Liberation as a form of imprisonment

We rely on our senses to perceive the world, and we are also imprisoned by the very senses of our own. As Kant argues, we can’t perceive the world without the concept of time and space --- simply because we as humans must perceive the world within our frames of perception. Various philosophers, starting with George Berkeley, have argued for the dependency of reality on perception. Philosophers of all time have already made the argument that “reality is perception”.

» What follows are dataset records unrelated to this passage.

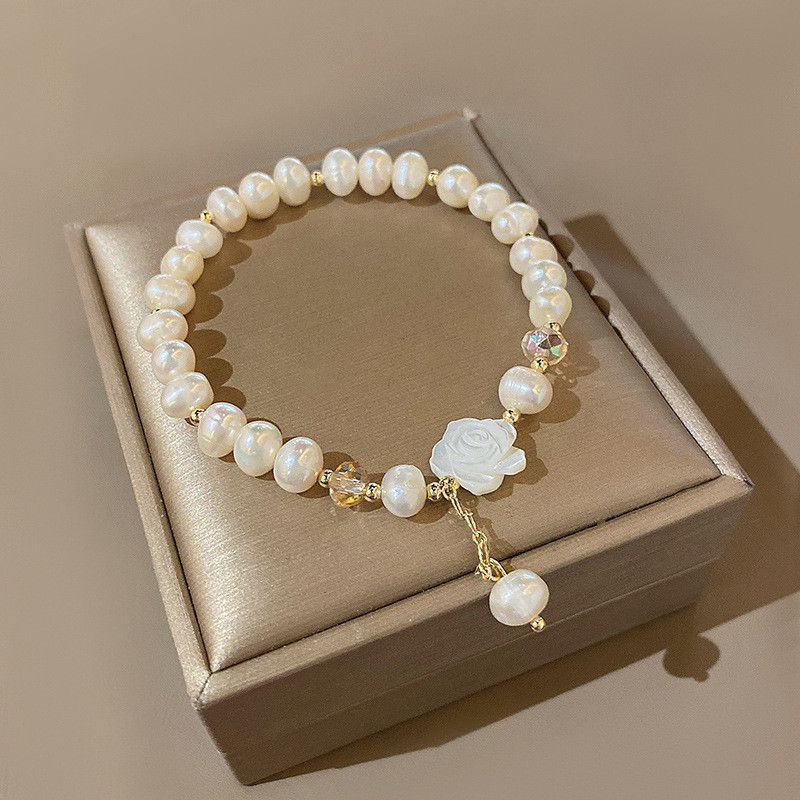 Natural Emerald Shell Flower Pendant Bracelet Baroque Irregular Pearl Crystal Ladies Jewelry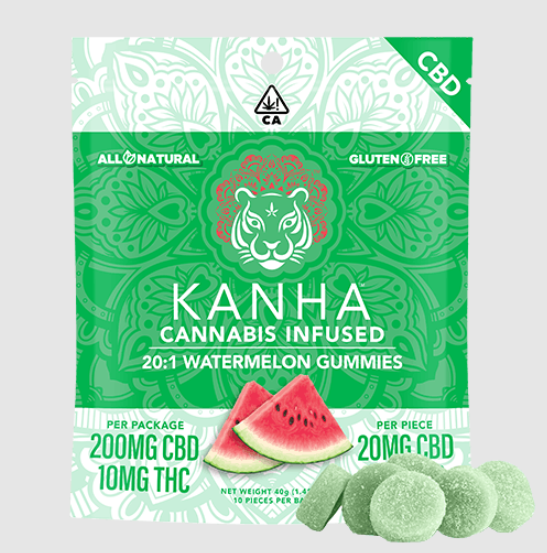 Watermelon | 20:1 CBD:THC |200mg CBD/10mg THC | 10-pack (KANHA)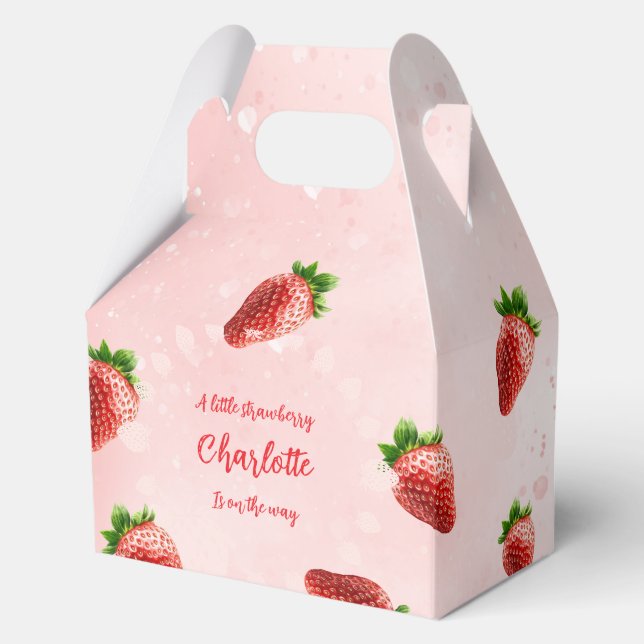 Strawberry Baby Dusche Gevor Box Geschenkschachtel (Vorderseite)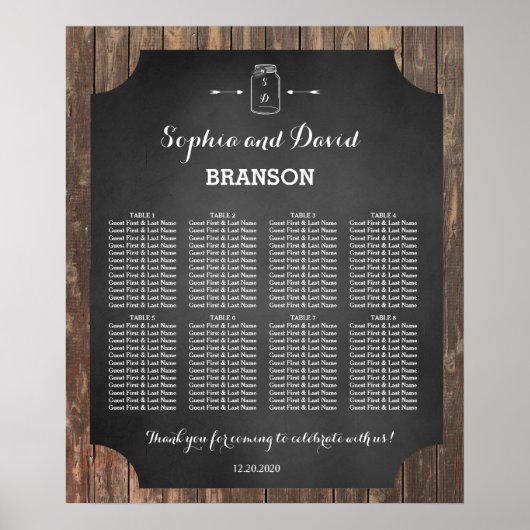 Unieke Rustic Mason Jar Wedding Seding Chart Poster (Voorkant)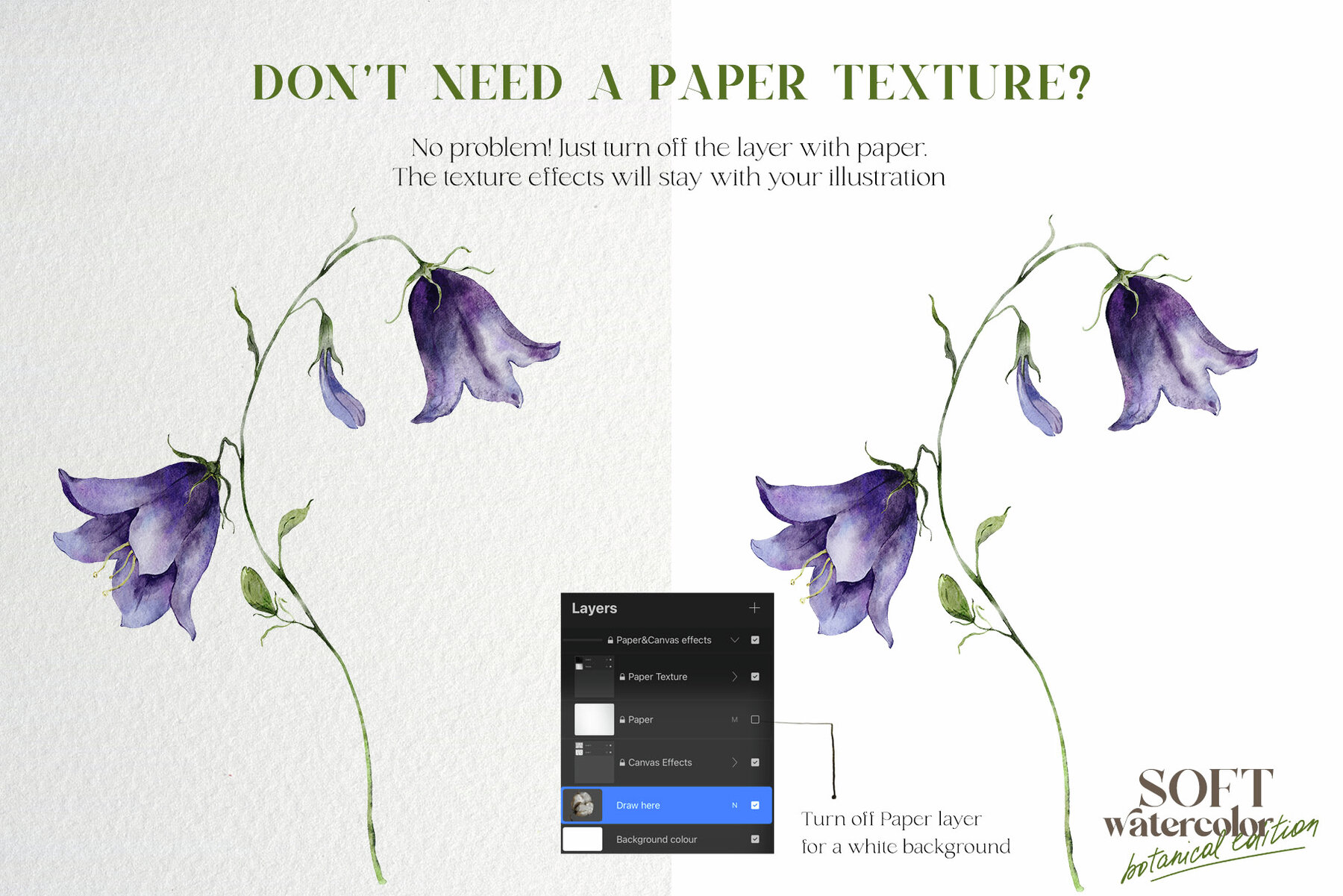 Soft watercolor Procreate brushes Botanical edition 8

As technology advances, we feel more and more empowered by the explosion of information and the availability of images, videos, texts that are just a double-click away. We are able to have vivid, three-dimensional, and dynamic images of what’s going on in the world just sitting in front of our desktops and seeing through the “Windows”. The emerging technology of virtual reality even shows us a promising future of promoting our experience to an even more vivid level so that we can be immersed in the environment. These devices aid us in perceiving the world by providing an extra layer of perceptual senses: we expand our horizon to the range of the whole Internet and enhance our ability to perceive the world with the aid of the HiFi sound system etc. However, this extra layer of perceptual devices, at the same time of aiding us in perceiving the world, also brings about the danger of preventing us from the true world. Information is highly dependent on interface: the impression we are able to get is filtered by the characteristics of our desktops. We rely on these devices, yet they imprison us as well. Senses, language, and Windows: they are the imprisonment that comes in the form of liberation.